In addition, the British consul at Iquitos had said that Barbadians, considered British subjects as part of the empire, had been ill-treated while working for PAC, which gave the government a reason to intervene. Ordinarily it could not investigate the internal affairs of another country. American civil engineer Walter Hardenburg had told Paternoster of witnessing a joint PAC and Peruvian military action against a Colombian rubber station, which they destroyed, stealing the rubber. He also saw Peruvian Indians whose backs were marked by severe whipping, in a pattern called the Mark of Arana (the head of the rubber company), and reported other abuses.

PAC, with its operational headquarters in Iquitos, dominated the city and the region. The area was separated from the main population of Peru by the Andes, and it was 1900 miles from the Amazon's mouth at Pará. The British-registered company was effectively controlled by the archetypal rubber baron Julio César Arana and his brother. Born in Lima, Arana had climbed out of poverty to own and operate a company harvesting great quantities of rubber in the Peruvian Amazon, which was much in demand on the world market. The rubber boom had led to expansion in Iquitos as a trading center, as all the company rubber was shipped down the Amazon River from there to the Atlantic port. Numerous foreigners had flocked to the area seeking their fortunes in the rubber boom, or at least some piece of the business. The rough frontier city, both respectable businesses and the vice district, was highly dependent on the PAC.

Casement traveled to the Putumayo District, where the rubber was harvested deep in the Amazon Basin, and explored the treatment of the local Indians of Peru. The isolated area was outside the reach of the national government and near the border with Colombia, which periodically made incursions in competition for the rubber. For years, the Indians had been forced into unpaid labor by field staff of the PAC, who exerted absolute power over them and subjected them to near starvation, severe physical abuse, rape of women and girls by the managers and overseers, branding and casual murder. Casement found conditions as inhumane as those in the Congo. He interviewed both the Putumayo and men who had abused them, including three Barbadians who had also suffered from conditions of the company. When the report was publicised, there was public outrage in Britain over the abuses. Casement made two lengthy visits to the region, first in 1910 with a commission of investigators.

Casement's report has been described as a "brilliant piece of journalism", as he wove together first-person accounts by both "victims and perpetrators of atrocities ... Never before had distant colonial subjects been given such personal voices in an official document." After his report was made to the British government, some wealthy board members of the PAC were horrified by what they learned. Arana and the Peruvian government promised to make changes. In 1911, the British government asked Casement to return to Iquitos and Putumayo to see if promised changes in treatment had occurred. In a report to the British foreign secretary, dated 17 March 1911, Casement detailed the rubber company's continued use of pillories to punish the Indians:Men, women, and children were confined in them for days, weeks, and often months. ... Whole families ... were imprisonedfathers, mothers, and children, and many cases were reported of parents dying thus, either from starvation or from wounds caused by flogging, while their offspring were attached alongside of them to watch in misery themselves the dying agonies of their parents.

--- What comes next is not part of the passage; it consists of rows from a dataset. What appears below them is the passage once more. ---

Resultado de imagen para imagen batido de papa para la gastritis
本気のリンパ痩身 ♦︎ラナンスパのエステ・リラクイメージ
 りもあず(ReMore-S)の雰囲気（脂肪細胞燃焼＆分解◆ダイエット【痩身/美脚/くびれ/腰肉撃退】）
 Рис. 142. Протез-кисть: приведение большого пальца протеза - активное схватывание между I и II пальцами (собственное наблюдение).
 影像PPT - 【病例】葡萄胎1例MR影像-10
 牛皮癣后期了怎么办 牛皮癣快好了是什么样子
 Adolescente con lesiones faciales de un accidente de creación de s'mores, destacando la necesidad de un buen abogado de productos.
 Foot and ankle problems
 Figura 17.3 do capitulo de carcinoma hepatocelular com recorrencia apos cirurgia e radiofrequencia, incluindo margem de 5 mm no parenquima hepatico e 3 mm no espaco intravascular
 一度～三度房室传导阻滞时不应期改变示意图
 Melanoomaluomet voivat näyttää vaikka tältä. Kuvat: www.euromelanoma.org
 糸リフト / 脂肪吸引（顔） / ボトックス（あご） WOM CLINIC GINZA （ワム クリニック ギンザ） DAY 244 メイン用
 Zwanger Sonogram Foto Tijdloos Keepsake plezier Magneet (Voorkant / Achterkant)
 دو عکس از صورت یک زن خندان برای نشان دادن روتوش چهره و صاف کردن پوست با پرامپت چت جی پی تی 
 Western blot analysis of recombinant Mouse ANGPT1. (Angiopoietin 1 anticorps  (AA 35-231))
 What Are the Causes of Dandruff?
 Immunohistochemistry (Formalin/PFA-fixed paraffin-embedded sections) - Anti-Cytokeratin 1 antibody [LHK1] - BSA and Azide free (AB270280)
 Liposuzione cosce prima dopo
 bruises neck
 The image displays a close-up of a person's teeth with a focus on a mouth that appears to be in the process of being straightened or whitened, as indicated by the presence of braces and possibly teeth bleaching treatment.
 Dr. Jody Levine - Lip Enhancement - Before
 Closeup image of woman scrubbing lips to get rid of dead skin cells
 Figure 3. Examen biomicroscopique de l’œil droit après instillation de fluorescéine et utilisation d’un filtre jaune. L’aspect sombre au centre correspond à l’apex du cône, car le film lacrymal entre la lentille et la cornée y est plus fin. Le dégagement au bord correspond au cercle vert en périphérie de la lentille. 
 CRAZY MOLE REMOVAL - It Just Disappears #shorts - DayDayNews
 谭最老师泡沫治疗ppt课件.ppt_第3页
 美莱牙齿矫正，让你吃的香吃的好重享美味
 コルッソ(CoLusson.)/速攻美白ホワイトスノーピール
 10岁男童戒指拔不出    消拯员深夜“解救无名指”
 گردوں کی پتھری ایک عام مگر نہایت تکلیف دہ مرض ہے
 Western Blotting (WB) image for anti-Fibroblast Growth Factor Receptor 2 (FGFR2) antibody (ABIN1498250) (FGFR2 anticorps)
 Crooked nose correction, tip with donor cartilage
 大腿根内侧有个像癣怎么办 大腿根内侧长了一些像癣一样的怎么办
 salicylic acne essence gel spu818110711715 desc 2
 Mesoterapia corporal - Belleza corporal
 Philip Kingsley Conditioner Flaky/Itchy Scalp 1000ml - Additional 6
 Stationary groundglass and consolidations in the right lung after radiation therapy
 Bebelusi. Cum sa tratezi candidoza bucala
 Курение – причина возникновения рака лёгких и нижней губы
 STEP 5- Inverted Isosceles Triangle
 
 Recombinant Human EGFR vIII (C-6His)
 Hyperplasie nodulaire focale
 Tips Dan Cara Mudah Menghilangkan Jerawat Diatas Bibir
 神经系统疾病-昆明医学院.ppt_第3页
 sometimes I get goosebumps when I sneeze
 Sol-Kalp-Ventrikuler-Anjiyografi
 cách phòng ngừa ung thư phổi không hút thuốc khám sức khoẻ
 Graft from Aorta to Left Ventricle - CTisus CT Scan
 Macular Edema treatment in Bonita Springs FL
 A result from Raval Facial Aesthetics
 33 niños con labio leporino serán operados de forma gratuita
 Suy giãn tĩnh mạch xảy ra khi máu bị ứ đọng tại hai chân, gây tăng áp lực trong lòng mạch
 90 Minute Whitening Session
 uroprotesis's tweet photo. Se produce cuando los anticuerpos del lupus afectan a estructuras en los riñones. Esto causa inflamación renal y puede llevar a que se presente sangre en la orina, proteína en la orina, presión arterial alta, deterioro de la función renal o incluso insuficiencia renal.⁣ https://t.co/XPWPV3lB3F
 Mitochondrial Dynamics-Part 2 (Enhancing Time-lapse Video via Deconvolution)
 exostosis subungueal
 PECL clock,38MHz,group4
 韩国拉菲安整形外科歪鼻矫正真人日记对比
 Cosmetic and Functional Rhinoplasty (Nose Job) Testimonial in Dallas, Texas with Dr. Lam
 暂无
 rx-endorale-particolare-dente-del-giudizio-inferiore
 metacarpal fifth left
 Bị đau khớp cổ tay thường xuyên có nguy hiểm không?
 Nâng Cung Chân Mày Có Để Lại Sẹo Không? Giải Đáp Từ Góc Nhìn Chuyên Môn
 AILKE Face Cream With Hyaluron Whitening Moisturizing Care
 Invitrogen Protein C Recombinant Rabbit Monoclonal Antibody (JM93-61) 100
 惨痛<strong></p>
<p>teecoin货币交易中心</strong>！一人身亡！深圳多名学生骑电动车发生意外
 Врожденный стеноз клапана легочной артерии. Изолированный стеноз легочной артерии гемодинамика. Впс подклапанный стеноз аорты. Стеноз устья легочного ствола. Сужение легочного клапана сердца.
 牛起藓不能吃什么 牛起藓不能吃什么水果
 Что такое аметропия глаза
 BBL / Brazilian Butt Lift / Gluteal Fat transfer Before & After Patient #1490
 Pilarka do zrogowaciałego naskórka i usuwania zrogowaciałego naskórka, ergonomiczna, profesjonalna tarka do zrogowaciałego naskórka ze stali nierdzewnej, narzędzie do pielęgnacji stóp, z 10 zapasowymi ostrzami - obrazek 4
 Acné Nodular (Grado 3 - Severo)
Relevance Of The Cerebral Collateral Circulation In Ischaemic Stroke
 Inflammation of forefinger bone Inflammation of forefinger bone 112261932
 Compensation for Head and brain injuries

After his return to Britain, Casement repeated his extra-consular campaigning work by organising interventions by the Anti-Slavery and Aborigines' Protection Society and Catholic missions in the region. Some of the company men exposed as killers in his 1910 report were charged by Peru, while most fled the region and were never captured. Some entrepreneurs had smuggled out cuttings from rubber plants and began cultivation in southeast Asia in colonies of the British Empire. The scandal of the PAC caused major losses in business to the company, and rubber demand began to be met by farmed rubber in other parts of the world. With the collapse of business for PAC, most foreigners left Iquitos and it quickly returned to its former status as an isolated backwater. For a period, the Putumayo Indians were largely left alone. Arana was never prosecuted as head of the company. He lived in London for years, then returned to Peru. Despite the scandal associated with Casement's report and international pressure on the Peruvian government to change conditions, Arana later had a successful political career. He was elected a senator and died in Lima, Peru in 1952, aged 88.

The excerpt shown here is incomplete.